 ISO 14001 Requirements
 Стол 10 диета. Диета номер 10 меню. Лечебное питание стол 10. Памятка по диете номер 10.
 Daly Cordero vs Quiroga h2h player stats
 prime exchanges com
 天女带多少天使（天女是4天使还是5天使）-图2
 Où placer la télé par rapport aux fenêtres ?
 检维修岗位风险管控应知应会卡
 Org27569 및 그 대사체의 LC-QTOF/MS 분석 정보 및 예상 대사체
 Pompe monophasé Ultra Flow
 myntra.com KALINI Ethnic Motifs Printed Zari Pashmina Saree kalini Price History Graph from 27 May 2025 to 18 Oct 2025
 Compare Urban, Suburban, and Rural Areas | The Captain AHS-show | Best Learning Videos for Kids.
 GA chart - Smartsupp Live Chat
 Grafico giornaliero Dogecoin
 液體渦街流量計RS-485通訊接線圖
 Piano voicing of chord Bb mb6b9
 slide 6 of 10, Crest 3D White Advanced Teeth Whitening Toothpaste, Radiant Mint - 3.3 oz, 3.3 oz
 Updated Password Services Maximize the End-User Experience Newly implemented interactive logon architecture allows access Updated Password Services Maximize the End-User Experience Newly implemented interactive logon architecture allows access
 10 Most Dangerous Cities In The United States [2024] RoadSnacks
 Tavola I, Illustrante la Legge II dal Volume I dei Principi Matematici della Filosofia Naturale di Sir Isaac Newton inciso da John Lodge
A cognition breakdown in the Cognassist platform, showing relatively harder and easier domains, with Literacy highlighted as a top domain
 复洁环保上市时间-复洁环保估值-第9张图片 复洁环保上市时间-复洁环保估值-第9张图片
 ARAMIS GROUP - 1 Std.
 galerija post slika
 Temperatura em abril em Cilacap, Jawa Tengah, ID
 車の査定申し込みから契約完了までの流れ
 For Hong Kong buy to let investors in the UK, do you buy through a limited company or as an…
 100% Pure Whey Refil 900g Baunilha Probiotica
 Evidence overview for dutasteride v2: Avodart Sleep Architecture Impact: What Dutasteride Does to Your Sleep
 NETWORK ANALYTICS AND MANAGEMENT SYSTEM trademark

[EXERCISE DETAILS] Scan the listing above for the line that has "Grafico giornaliero Dogecoin", then copy exactly from that line through the line that has "slide 6 of 10, Crest".

[WRITTEN ANSWER]
 Grafico giornaliero Dogecoin
 液體渦街流量計RS-485通訊接線圖
 Piano voicing of chord Bb mb6b9
 slide 6 of 10, Crest 3D White Advanced Teeth Whitening Toothpaste, Radiant Mint - 3.3 oz, 3.3 oz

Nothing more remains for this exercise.